From here, I was happy with the results. There was a slight variance where the top result might be (2), but (1) was a reasonable choice for the category also. This was deeply incredible to witness and experiment with.
I then decided to take it one step further: I built a chain which takes input from these top-5 results, and prompted the model to consider relevancy for each, whether customers would expect to find this, and is it appropriate for e-commerce. It would then reason, and I'd follow-up with a query to ask it to pick appropriate categories (multiple!), then, ask it to pick a single category from this list which is the most appropriate. This created some awesome data points for cross-category-product-propogation, as well as solves our core problem of classifying using domain-specific categories.

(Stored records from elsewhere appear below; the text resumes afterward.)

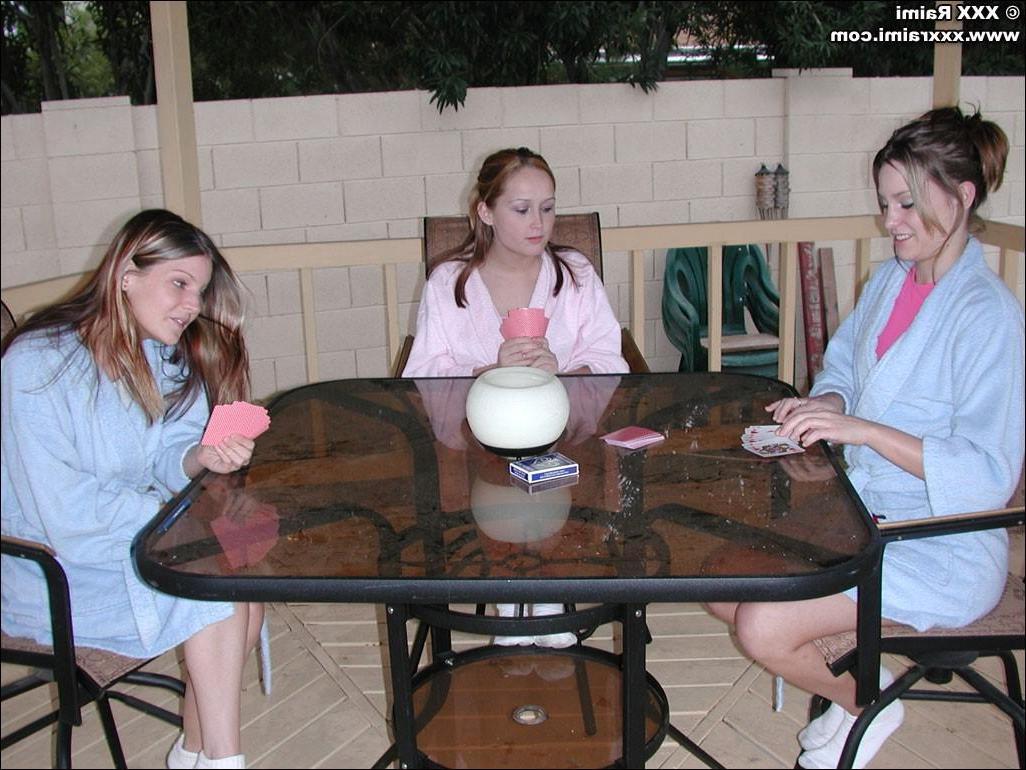 16P Raimi, Lacey and Stacy play strip poker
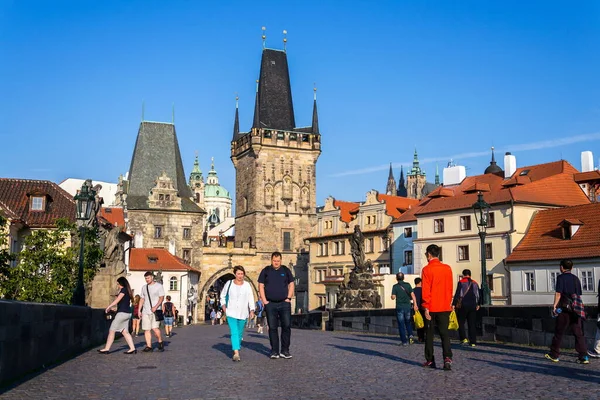 Praga República Checa Septiembre 2018 Caminata Turística Por Puente Carlos — Foto de Stock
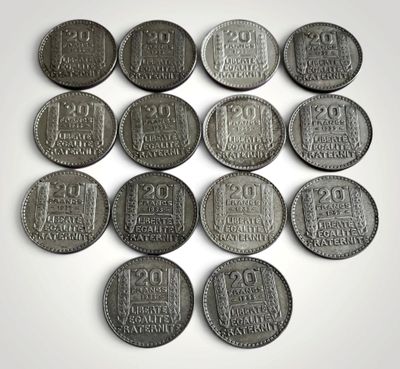 six types de pièces différents sont disposés sur une surface blanche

To round it off, I wanted to improve the time it took to run this workflow per-item, as embeddings take a while, not to mention the 4o-mini workflow! I wrapped it in a threadpool, and the results came flying in!
Let's look at a few examples.
Product NameSingle CategoryMultiple Categories
Systane Liq Gel Drop 10 MlEye CareEye Care, Eye Health, Creams/Lotions/Liquids
Bio-Oil Oil 125 MlCreams, Lotions & LiquidsCreams/Lotions/Liquids, Hand & Body, Hair/Skin/Nails
Fishermans Friend Loz Original StrnMedicated LozengesMedicated Lozenges, Coughs, Cough & Cold Relief, Cold & Flu
Great! Across the 3,832 items, there was a match of 3,698 with these sort of quality answers. There were then a small group of unmatched items, and ~100 items which matched to Other (through the RAG). This is a match rate of 96.5% over 87 different categories. Nice!
Technical Summary
To classify uncategories products to domain-specific categories, I ended up using a LLM chain to expand details about the categories, an LLM chain to expand the description of the product's, then created embedding vectors for each dataset. I then did nearest-neighbours vector search locally. With the top 5 closest results, I inputted this information into another separate LLM chain to reason about multiple best, then single best category.
Takeaways
The biggest takeaway for me with this project is that understanding the principles of these new tools helps a problem-solver piece together creative solutions for domain problems. Nothing innately new has been done here, but bridging the divide between the theory and practice has been done to solve a real bottleneck problem.